A letter-for-letter copy of the listing is required, with no pictures in it.

Start of INPUT FOR THIS TASK

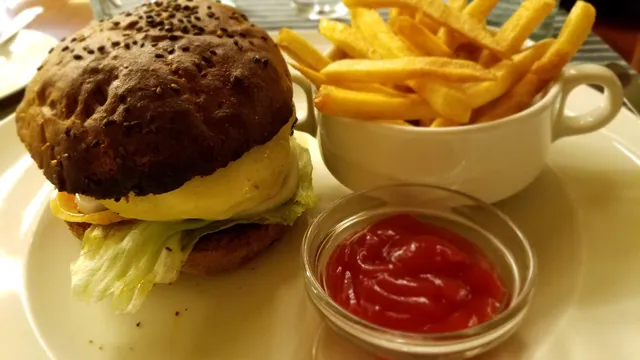 Pepper And Spice Restaurant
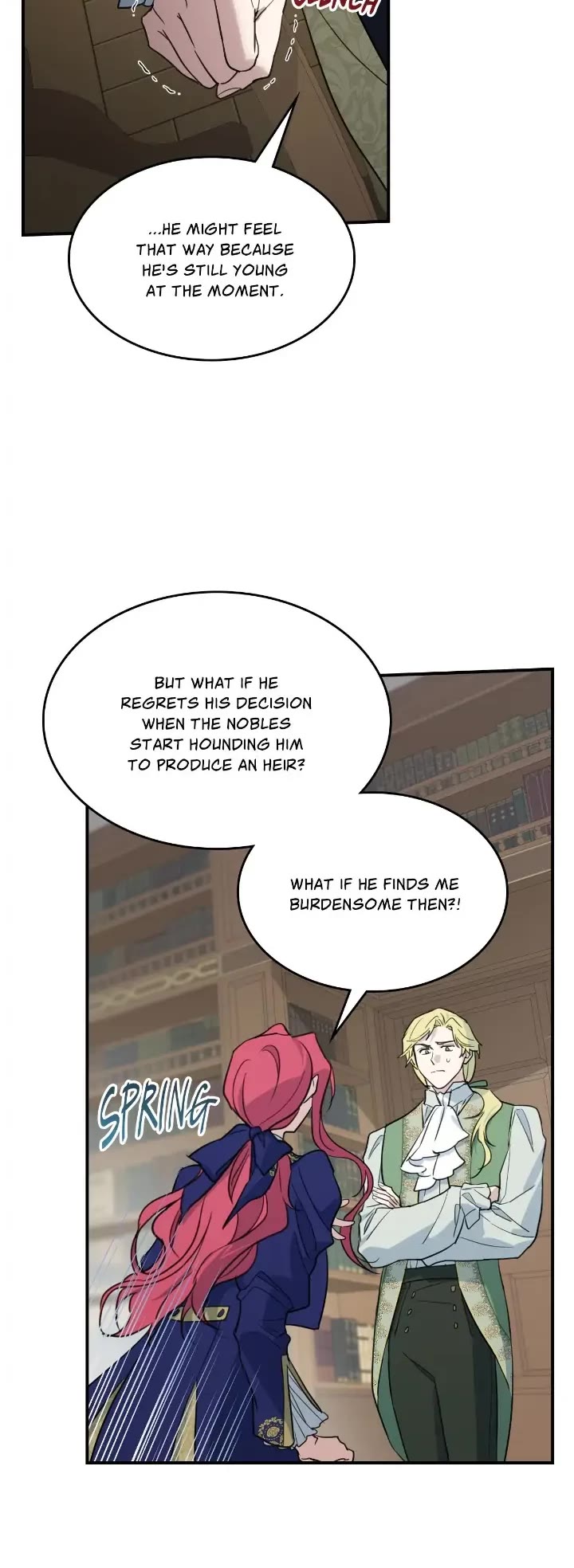 The Lady and the Beast Chapter 122 page 9 - Chapter 122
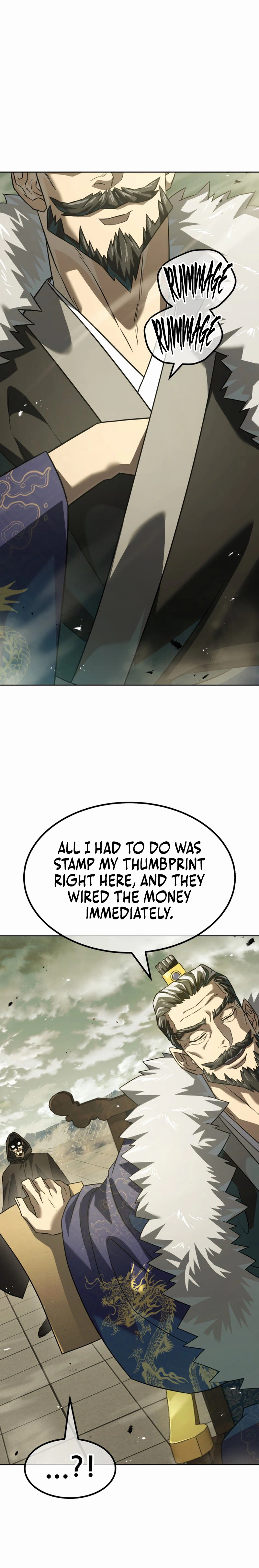 Murim's Debt King Chapter 1 - Page 15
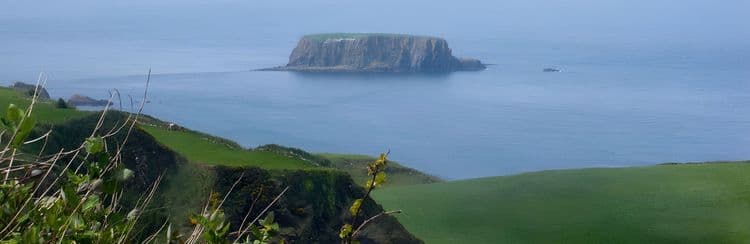 Easy Scenic Coast & Glens Of Antrim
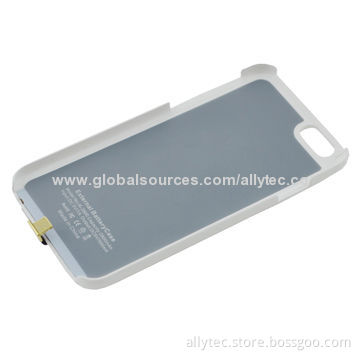 2800mAh Power charger for iPhone 6, Cycle life: ＞300 cycles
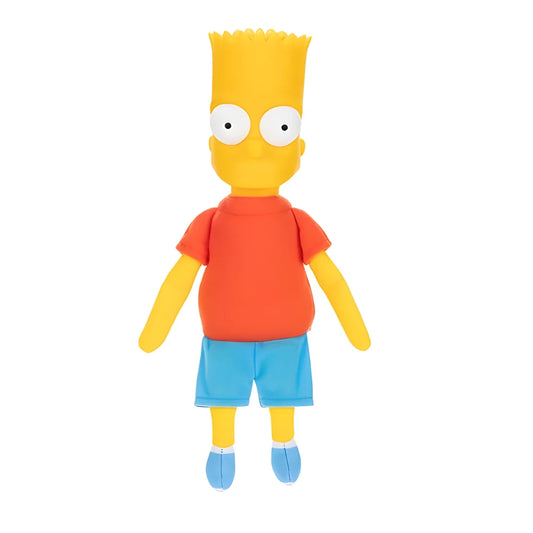 MUÑECO CON SONIDO BART SIMPSON – 20 SONIDOS EN INGLÉS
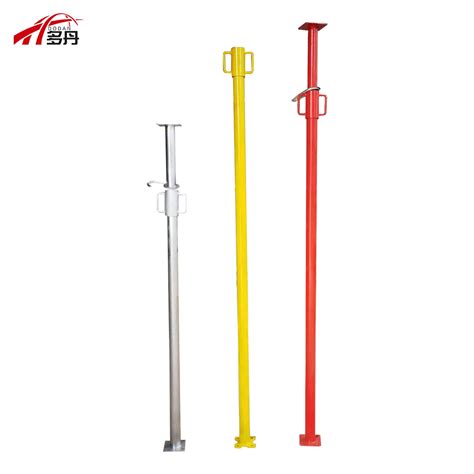 Wholesale Aluminum Formwork System Steel Scaffolding Telescopic Pipe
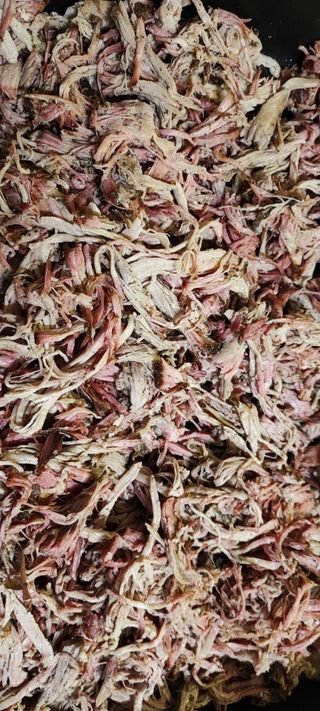 Pulled Porki 500g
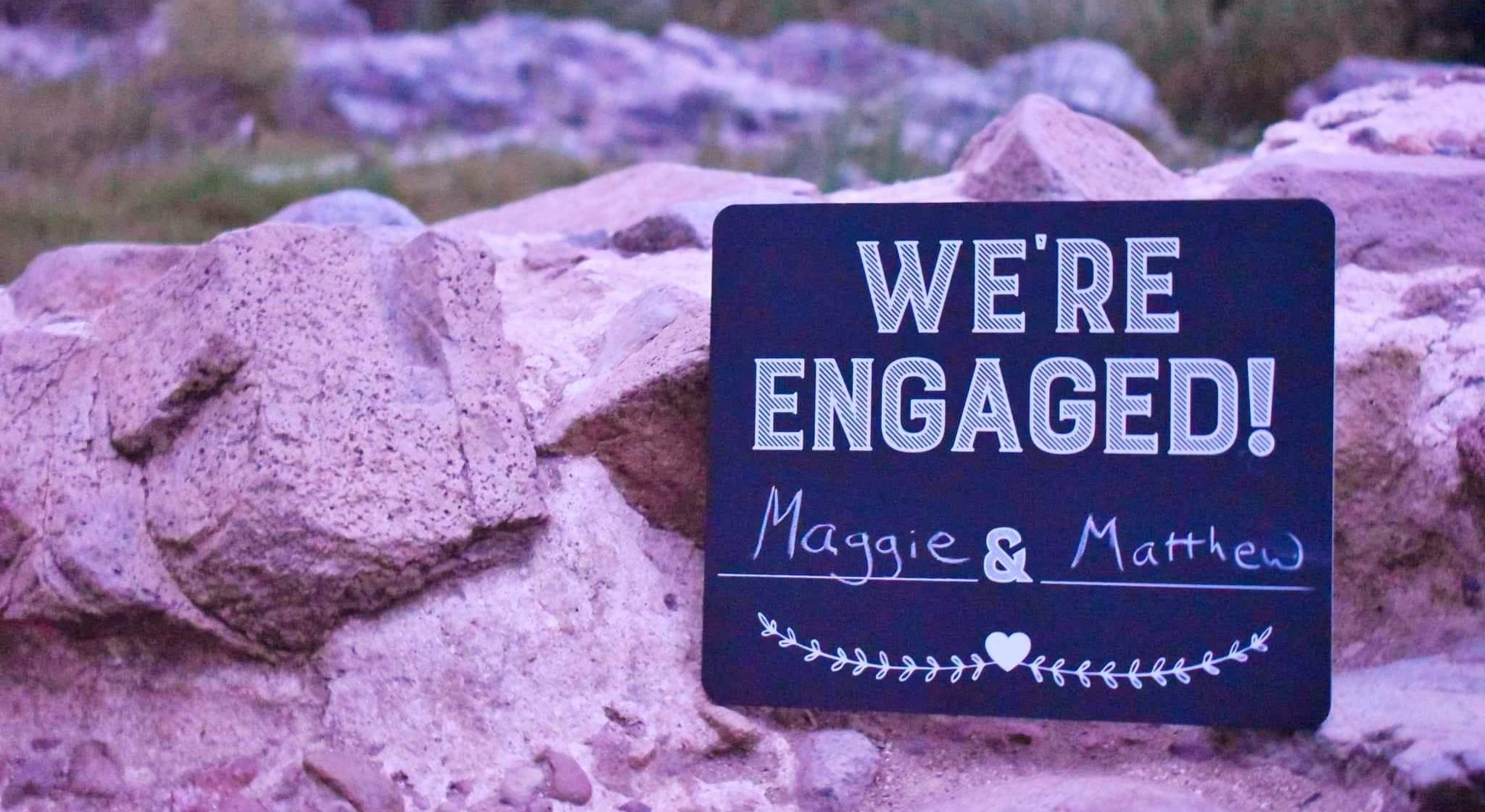 The Wedding Website of Maggie Hendrickson and Matthew Fisk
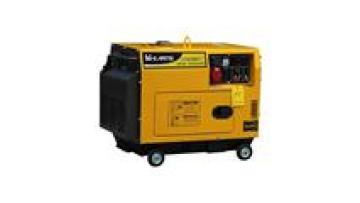 5KVA diesel generator portable DG6500SE1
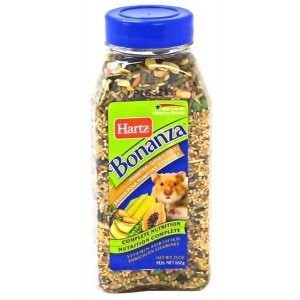 

HARTZ Makanan Hamster BONANZA Hamster with Fruit 650gr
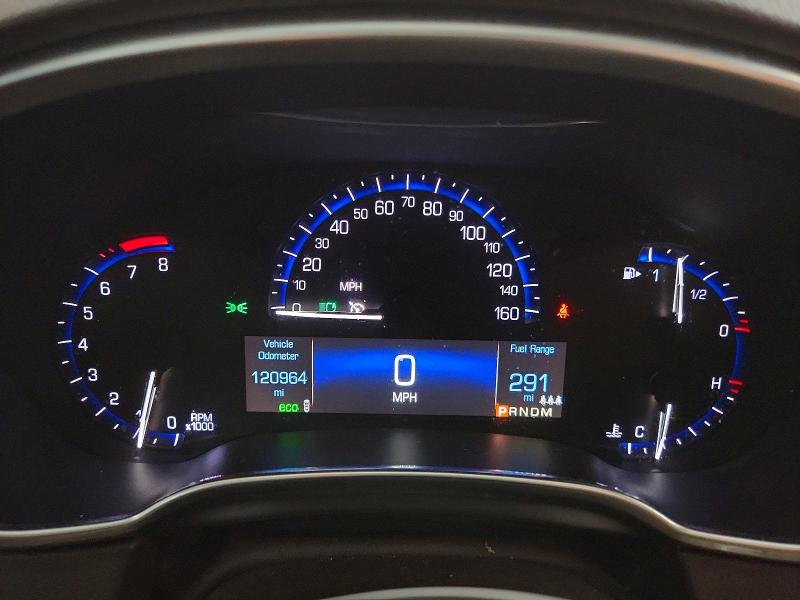 61223986 :رقم المزاد ، 3GYFNFE36FS567052 vin ، 2015 Cadillac Srx مزاد بيع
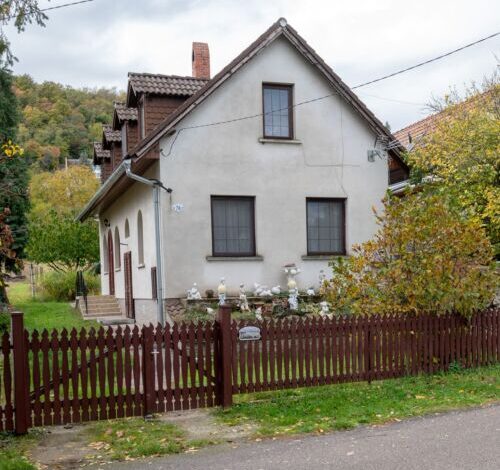 Nosztalgia Nyaralóház Szigliget 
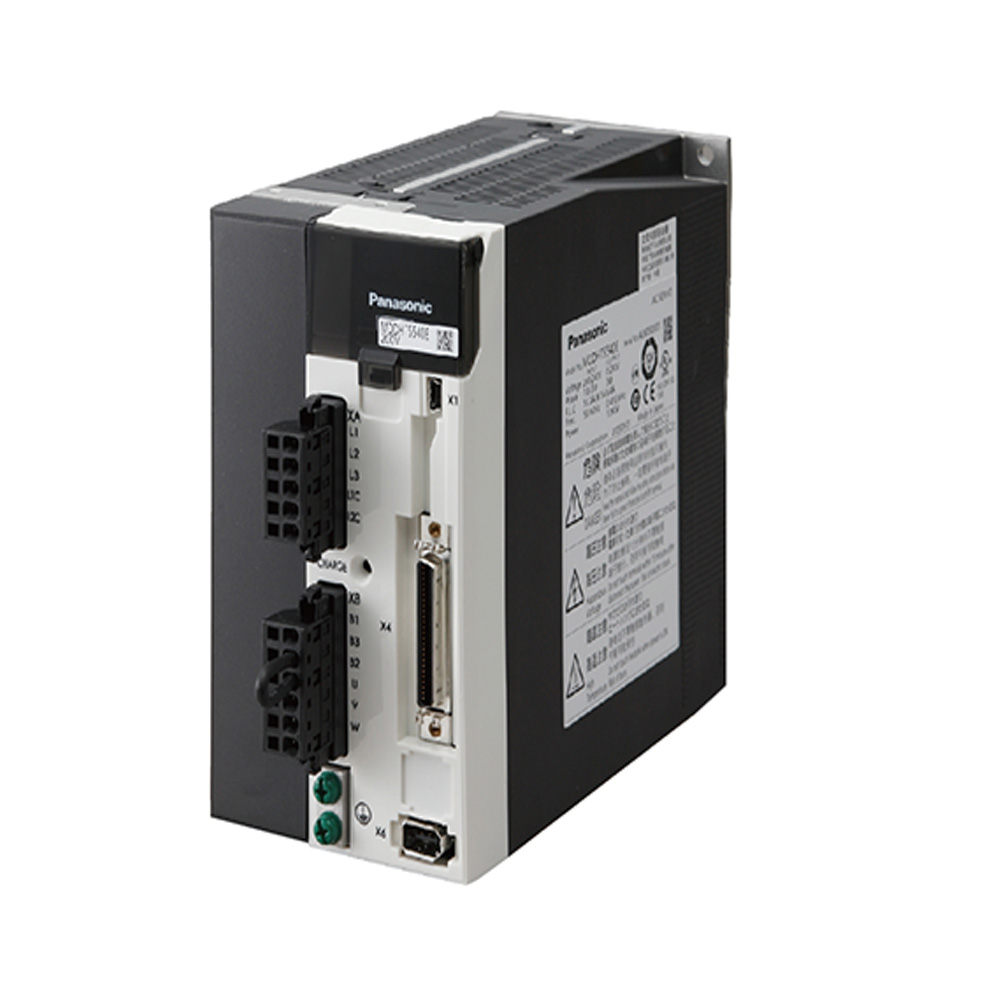 Panasonic MADHT1505 MINAS A5 AC Servo Driver 100W 200V Servo Amplifier Panasonic MADHT1505 MINAS A5 AC Servo Driver 100W 200V Servo Amplifier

End of INPUT FOR THIS TASK

## RESPONSE TO THE TASK
 Pepper And Spice Restaurant
 The Lady and the Beast Chapter 122 page 9 - Chapter 122
 Murim's Debt King Chapter 1 - Page 15
 Easy Scenic Coast & Glens Of Antrim
 2800mAh Power charger for iPhone 6, Cycle life: ＞300 cycles
 MUÑECO CON SONIDO BART SIMPSON – 20 SONIDOS EN INGLÉS
 Wholesale Aluminum Formwork System Steel Scaffolding Telescopic Pipe
 Pulled Porki 500g
 The Wedding Website of Maggie Hendrickson and Matthew Fisk
 5KVA diesel generator portable DG6500SE1

HARTZ Makanan Hamster BONANZA Hamster with Fruit 650gr
 61223986 :رقم المزاد ، 3GYFNFE36FS567052 vin ، 2015 Cadillac Srx مزاد بيع
 Nosztalgia Nyaralóház Szigliget 
 Panasonic MADHT1505 MINAS A5 AC Servo Driver 100W 200V Servo Amplifier Panasonic MADHT1505 MINAS A5 AC Servo Driver 100W 200V Servo Amplifier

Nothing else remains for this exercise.